Lemond Nutrition Articles

Feeding the Wedding Frenzy (with Recipes)

By Angela Lemond, RDN, CSP, LD // Nov 18, 2014

By Kathleen Kinder, Texas Woman's University Dietetic Intern

Happy National Blog Posting Month!  Also called, “NaBloPoMo,” it was started as a response to NaNoWriMo (National Novel Writing Month). The blogging forum, BlogHer, heads up the promotion, and there are writing challenges every month.  But November is still the “official” month for the promotion of blogging.
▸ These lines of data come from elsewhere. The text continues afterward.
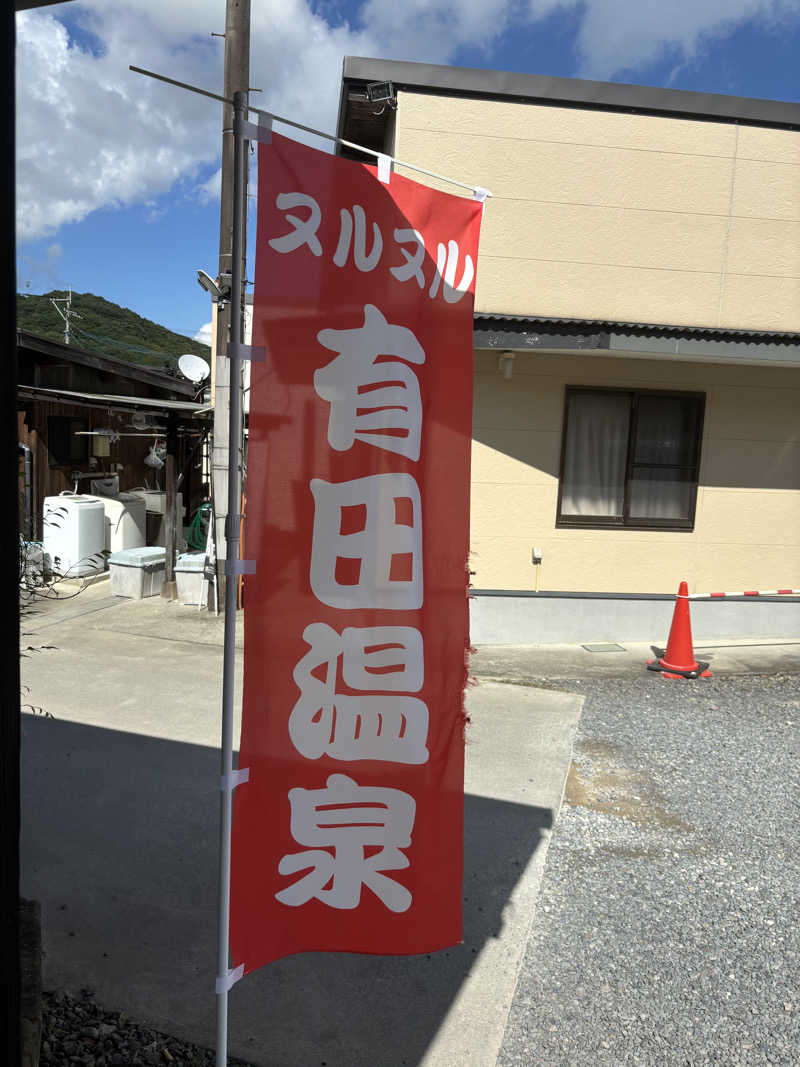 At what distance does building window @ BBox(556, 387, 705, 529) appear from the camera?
825 centimetres

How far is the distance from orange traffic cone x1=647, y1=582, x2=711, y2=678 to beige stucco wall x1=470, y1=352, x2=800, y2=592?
115 centimetres

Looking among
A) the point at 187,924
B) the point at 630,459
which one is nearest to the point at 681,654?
the point at 630,459

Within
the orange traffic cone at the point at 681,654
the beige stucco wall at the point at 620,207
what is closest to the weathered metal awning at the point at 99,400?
the beige stucco wall at the point at 620,207

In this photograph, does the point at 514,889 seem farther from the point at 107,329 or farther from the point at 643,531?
the point at 107,329

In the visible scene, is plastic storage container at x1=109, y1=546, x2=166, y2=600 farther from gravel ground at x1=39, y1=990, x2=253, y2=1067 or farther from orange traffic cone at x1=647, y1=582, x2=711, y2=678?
gravel ground at x1=39, y1=990, x2=253, y2=1067

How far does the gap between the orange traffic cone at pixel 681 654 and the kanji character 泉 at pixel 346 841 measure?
5.38 meters

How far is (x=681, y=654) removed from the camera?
731 centimetres

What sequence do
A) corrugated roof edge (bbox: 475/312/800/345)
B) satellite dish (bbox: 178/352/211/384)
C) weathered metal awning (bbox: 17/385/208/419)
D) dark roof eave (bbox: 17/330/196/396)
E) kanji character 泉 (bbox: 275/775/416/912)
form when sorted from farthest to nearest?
1. satellite dish (bbox: 178/352/211/384)
2. dark roof eave (bbox: 17/330/196/396)
3. weathered metal awning (bbox: 17/385/208/419)
4. corrugated roof edge (bbox: 475/312/800/345)
5. kanji character 泉 (bbox: 275/775/416/912)

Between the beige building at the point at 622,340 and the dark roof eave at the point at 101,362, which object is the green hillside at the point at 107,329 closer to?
the dark roof eave at the point at 101,362

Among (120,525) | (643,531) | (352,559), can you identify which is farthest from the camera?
(120,525)

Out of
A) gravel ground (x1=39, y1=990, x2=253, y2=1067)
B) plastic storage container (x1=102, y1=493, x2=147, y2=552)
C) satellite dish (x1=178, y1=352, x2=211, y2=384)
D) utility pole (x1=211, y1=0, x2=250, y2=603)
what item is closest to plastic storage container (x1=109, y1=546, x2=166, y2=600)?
utility pole (x1=211, y1=0, x2=250, y2=603)

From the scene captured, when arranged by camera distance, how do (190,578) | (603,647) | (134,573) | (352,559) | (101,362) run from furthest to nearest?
(101,362) → (134,573) → (190,578) → (603,647) → (352,559)

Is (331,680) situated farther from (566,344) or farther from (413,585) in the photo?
(566,344)

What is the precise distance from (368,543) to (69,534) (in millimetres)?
9535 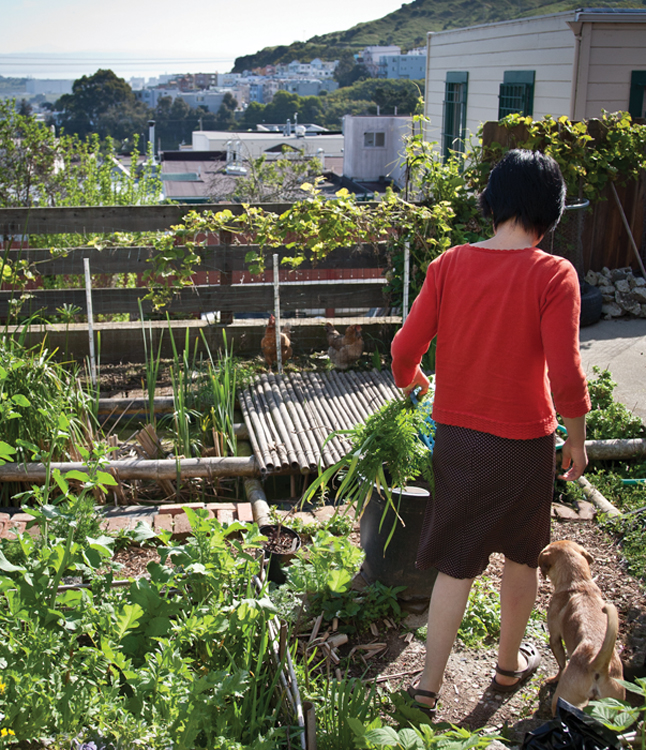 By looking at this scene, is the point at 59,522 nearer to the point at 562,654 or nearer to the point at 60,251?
the point at 562,654

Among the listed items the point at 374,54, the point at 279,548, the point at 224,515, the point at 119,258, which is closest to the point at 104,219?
the point at 119,258

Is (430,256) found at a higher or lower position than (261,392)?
higher

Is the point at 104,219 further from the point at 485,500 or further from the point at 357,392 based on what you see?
the point at 485,500

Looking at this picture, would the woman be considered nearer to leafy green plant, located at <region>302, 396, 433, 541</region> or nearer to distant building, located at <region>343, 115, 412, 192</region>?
leafy green plant, located at <region>302, 396, 433, 541</region>

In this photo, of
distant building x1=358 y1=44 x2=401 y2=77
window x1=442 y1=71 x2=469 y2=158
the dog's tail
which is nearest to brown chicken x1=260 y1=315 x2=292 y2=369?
the dog's tail

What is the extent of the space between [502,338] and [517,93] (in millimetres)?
9037

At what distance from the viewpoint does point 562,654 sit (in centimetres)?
240

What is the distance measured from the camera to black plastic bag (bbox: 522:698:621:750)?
1.68m

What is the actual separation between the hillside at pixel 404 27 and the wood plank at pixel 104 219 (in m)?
53.9

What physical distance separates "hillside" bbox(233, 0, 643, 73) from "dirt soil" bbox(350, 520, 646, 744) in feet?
187

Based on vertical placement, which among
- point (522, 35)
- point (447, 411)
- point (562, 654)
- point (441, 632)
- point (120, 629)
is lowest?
point (562, 654)

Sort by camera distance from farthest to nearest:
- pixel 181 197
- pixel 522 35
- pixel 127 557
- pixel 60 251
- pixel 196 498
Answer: pixel 181 197 < pixel 522 35 < pixel 60 251 < pixel 196 498 < pixel 127 557

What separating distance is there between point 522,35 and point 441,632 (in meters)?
9.61

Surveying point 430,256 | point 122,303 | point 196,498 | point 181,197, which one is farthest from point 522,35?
point 181,197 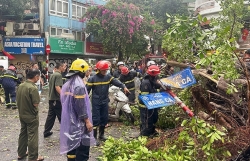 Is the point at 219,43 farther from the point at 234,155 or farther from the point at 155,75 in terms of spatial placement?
the point at 155,75

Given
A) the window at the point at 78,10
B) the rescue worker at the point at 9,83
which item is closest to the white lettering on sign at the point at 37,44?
the window at the point at 78,10

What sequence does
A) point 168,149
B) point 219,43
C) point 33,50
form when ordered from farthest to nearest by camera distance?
point 33,50
point 168,149
point 219,43

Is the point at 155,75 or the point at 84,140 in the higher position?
the point at 155,75

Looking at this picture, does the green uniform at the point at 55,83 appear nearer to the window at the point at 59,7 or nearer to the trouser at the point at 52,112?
the trouser at the point at 52,112

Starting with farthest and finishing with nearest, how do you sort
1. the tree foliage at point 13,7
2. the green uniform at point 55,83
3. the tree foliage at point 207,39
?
the tree foliage at point 13,7
the green uniform at point 55,83
the tree foliage at point 207,39

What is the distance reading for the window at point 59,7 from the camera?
2369 centimetres

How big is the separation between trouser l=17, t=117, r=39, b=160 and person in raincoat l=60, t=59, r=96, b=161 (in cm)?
88

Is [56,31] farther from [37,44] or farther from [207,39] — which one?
[207,39]

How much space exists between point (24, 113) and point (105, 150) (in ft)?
5.51

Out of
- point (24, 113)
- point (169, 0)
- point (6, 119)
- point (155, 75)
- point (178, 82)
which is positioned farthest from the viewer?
point (169, 0)

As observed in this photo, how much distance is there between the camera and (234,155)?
137 inches

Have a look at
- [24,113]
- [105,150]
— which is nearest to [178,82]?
[105,150]

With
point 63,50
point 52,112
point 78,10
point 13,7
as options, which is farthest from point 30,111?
point 78,10

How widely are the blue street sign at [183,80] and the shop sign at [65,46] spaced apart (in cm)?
1971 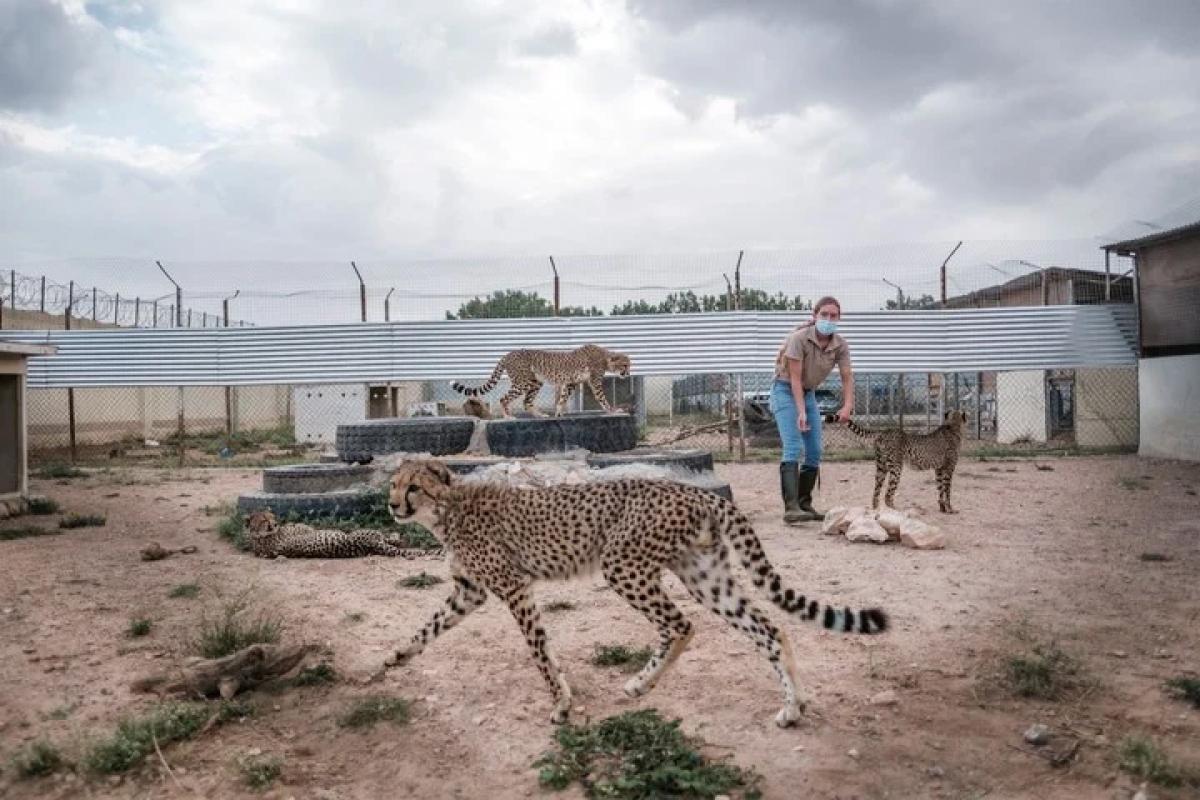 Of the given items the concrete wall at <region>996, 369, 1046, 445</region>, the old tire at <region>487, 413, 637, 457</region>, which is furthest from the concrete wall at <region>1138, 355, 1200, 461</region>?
the old tire at <region>487, 413, 637, 457</region>

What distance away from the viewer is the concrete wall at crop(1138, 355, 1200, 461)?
529 inches

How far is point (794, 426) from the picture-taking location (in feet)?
26.0

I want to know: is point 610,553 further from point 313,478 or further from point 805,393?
point 313,478

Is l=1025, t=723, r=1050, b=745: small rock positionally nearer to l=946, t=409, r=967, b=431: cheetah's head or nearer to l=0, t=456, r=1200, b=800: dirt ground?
l=0, t=456, r=1200, b=800: dirt ground

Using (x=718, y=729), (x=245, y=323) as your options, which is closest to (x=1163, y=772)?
(x=718, y=729)

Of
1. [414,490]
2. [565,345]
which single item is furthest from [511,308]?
[414,490]

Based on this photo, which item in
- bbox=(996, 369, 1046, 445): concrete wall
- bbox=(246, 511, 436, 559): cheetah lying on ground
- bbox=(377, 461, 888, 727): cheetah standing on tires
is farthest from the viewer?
bbox=(996, 369, 1046, 445): concrete wall

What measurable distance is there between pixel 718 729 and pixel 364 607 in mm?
2910

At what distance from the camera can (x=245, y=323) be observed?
16.3 metres

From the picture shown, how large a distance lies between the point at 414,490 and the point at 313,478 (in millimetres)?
5278

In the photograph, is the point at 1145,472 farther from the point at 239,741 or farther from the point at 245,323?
the point at 245,323

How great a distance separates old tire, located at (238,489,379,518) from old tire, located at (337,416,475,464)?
131 centimetres

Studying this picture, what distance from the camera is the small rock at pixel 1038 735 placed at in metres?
3.42

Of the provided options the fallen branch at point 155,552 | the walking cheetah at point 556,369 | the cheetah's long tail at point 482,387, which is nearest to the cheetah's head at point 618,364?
the walking cheetah at point 556,369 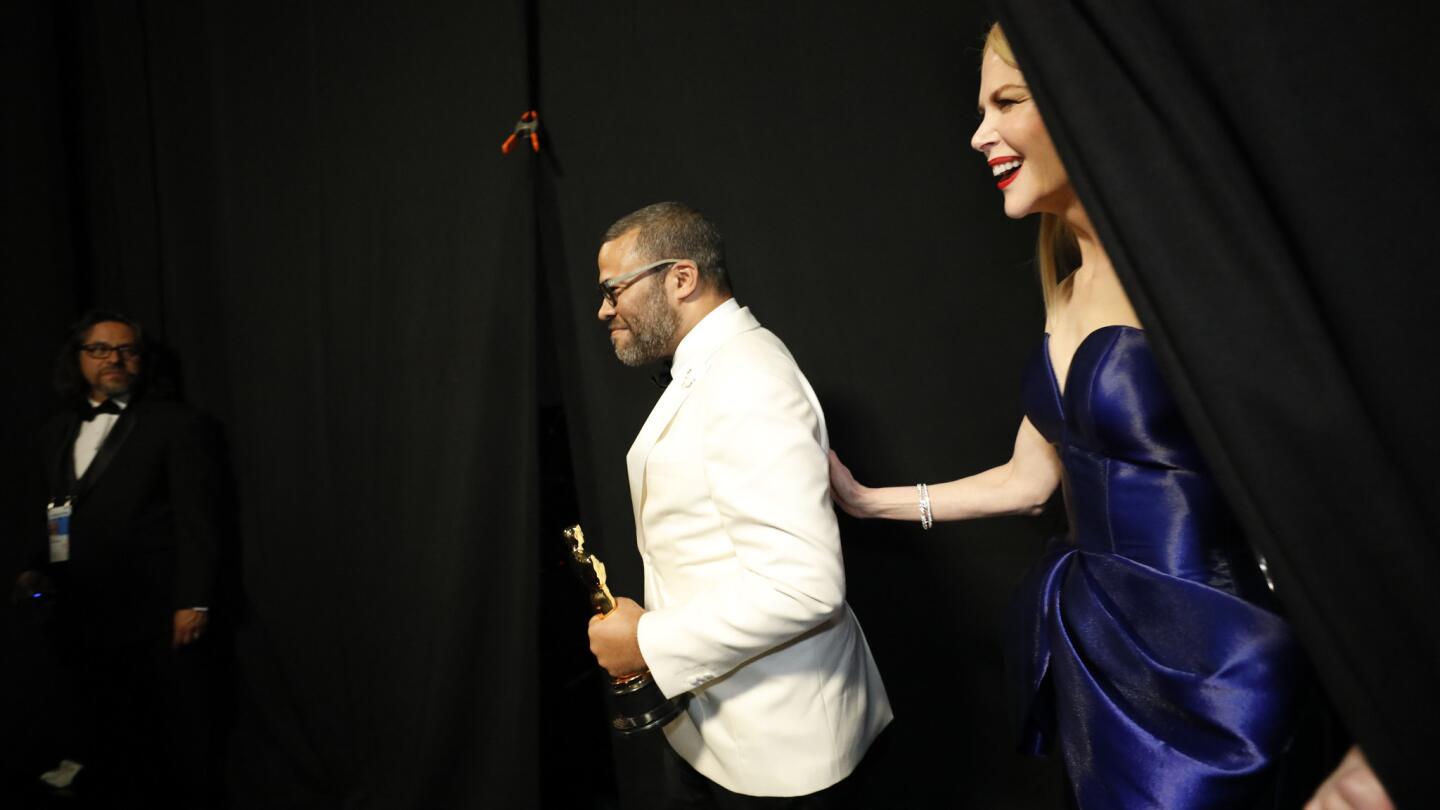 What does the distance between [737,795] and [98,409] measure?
2670mm

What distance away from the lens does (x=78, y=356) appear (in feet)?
8.83

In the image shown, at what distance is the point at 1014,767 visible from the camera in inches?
81.7

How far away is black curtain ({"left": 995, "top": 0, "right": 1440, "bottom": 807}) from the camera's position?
52 cm

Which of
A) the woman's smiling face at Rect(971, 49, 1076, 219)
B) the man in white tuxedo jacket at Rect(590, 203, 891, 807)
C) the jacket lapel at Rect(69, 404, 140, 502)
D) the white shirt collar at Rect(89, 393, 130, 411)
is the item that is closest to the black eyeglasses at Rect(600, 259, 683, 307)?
the man in white tuxedo jacket at Rect(590, 203, 891, 807)

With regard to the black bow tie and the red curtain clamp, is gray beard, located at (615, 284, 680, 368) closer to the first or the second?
the red curtain clamp

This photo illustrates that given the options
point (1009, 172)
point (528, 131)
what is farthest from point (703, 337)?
point (528, 131)

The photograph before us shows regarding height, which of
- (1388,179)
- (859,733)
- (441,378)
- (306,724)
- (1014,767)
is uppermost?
(441,378)

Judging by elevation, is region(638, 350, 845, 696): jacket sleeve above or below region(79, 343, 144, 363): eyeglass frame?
below

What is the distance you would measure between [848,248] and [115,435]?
255 centimetres

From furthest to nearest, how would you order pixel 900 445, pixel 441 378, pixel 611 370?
pixel 441 378, pixel 611 370, pixel 900 445

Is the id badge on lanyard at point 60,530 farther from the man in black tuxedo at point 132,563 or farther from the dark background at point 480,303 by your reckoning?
the dark background at point 480,303

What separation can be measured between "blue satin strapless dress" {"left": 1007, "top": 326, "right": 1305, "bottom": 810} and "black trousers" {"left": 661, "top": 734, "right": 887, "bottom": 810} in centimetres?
37

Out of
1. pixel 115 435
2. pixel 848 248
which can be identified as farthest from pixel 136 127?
pixel 848 248

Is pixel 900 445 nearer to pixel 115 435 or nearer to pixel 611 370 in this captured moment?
pixel 611 370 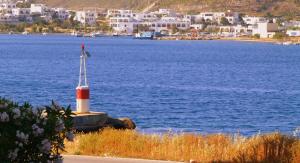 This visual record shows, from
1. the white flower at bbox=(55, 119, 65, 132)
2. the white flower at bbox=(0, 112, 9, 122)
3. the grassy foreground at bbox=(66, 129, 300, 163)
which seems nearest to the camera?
the white flower at bbox=(0, 112, 9, 122)

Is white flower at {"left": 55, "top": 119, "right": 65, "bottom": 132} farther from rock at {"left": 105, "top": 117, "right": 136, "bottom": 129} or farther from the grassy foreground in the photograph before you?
rock at {"left": 105, "top": 117, "right": 136, "bottom": 129}

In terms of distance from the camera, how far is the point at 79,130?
16.0 metres

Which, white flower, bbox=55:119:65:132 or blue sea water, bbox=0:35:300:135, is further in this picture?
blue sea water, bbox=0:35:300:135

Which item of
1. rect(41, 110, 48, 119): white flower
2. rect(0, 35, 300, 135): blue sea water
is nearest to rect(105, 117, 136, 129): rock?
rect(0, 35, 300, 135): blue sea water

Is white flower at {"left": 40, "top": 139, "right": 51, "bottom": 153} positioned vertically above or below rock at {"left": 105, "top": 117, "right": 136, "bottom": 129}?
above

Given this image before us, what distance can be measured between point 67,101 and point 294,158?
104 ft

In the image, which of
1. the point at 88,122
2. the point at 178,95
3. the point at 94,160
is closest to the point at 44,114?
the point at 94,160

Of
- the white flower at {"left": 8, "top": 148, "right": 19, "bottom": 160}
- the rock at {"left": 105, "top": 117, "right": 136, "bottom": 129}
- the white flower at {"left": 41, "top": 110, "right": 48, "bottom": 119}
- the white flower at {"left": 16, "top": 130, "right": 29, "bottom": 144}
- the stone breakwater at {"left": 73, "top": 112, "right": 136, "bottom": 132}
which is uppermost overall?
the white flower at {"left": 41, "top": 110, "right": 48, "bottom": 119}

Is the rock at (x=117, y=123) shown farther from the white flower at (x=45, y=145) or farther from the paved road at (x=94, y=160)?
the white flower at (x=45, y=145)

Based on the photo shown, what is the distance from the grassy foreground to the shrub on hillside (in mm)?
4286

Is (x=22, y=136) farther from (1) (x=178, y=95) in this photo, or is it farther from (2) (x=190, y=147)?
(1) (x=178, y=95)

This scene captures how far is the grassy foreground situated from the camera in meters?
12.2

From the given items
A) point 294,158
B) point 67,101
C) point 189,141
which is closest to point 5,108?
point 294,158

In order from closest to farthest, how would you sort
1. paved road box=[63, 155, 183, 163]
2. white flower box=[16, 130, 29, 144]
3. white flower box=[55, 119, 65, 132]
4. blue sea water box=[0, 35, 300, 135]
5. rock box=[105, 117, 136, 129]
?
1. white flower box=[16, 130, 29, 144]
2. white flower box=[55, 119, 65, 132]
3. paved road box=[63, 155, 183, 163]
4. rock box=[105, 117, 136, 129]
5. blue sea water box=[0, 35, 300, 135] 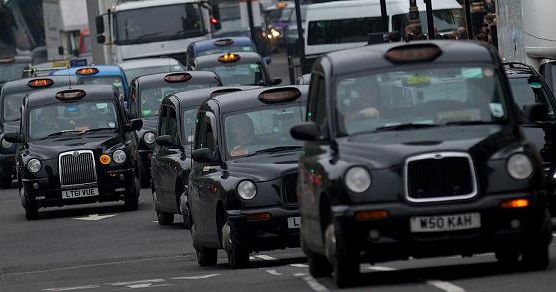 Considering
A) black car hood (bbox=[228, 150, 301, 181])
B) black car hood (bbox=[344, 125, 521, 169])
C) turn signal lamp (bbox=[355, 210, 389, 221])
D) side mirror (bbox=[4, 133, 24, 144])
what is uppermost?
black car hood (bbox=[344, 125, 521, 169])

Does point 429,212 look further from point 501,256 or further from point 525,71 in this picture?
point 525,71

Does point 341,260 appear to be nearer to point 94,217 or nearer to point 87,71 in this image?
point 94,217

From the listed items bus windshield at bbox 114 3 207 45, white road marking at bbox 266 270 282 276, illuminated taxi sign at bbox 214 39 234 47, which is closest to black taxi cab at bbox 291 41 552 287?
white road marking at bbox 266 270 282 276

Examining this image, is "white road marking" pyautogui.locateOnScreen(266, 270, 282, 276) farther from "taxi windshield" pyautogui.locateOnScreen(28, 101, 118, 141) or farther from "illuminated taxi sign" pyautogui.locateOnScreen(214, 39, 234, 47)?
"illuminated taxi sign" pyautogui.locateOnScreen(214, 39, 234, 47)

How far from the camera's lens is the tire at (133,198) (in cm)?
2822

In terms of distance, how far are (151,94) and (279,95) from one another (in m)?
14.7

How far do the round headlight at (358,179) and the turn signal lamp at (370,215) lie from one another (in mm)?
152

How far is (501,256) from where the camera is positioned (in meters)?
13.7

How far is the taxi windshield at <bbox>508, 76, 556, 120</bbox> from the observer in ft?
68.5

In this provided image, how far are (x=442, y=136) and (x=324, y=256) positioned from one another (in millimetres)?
1637

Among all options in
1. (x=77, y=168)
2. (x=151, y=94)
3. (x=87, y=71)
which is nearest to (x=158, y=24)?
(x=87, y=71)

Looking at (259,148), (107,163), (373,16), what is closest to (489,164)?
(259,148)

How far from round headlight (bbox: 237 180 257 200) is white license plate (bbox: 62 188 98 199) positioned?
11.2 m

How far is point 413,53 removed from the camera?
45.1 feet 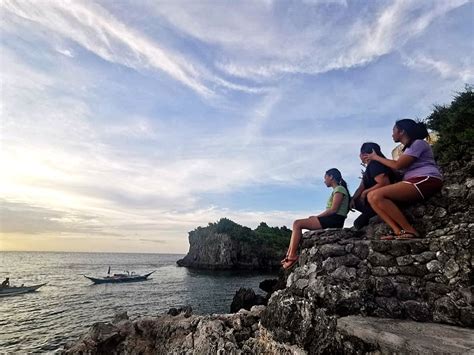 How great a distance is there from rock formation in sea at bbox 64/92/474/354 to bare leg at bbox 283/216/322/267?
0.21 meters

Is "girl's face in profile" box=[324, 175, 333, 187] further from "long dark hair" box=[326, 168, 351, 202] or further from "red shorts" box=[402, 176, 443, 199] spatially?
"red shorts" box=[402, 176, 443, 199]

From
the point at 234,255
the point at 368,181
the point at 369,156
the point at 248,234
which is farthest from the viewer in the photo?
the point at 248,234

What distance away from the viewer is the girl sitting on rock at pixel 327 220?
7016 mm

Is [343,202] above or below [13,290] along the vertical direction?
above

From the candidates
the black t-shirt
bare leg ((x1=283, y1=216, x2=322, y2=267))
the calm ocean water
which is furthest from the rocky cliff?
the calm ocean water

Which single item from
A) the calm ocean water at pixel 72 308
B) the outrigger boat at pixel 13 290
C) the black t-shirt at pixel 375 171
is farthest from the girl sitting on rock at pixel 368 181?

It is only appropriate that I dedicate my first blog entry to my passion, my profession, and what I know best… food, nutrition and weddings. I’m not married- I’m not even engaged! However, I am at that age where people are making serious decisions about which man or woman they want to commit to for a lifetime, and that usually results in the exchange of an engagement ring and all the joys that go into planning a wedding to celebrate the love two people share for one another. I’ve done the math, and I have attended 14 weddings in the past 2 years, 7 of which I have been a bridesmaid. Being a bridesmaid is a huge honor, but along with bridesmaid status comes great responsibility. I am certain there is nothing in the world that sucks more money out of a poor graduate student’s bank account than being a bridesmaid. Brides need presents. Bridesmaids need dresses. Brides need showers and bachelorette parties, organized and funded by you, the bridesmaid. Bridesmaids need shoes. Brides need to have their weddings somewhere you do not live. Bridesmaids need hotel rooms and sometimes plane flights. Despite all this, I am also certain there is nothing more pleasing to the ear than a room full of laughter from a closely-bonded group of intelligent, beautiful women. And from experience, I know that these women like to eat.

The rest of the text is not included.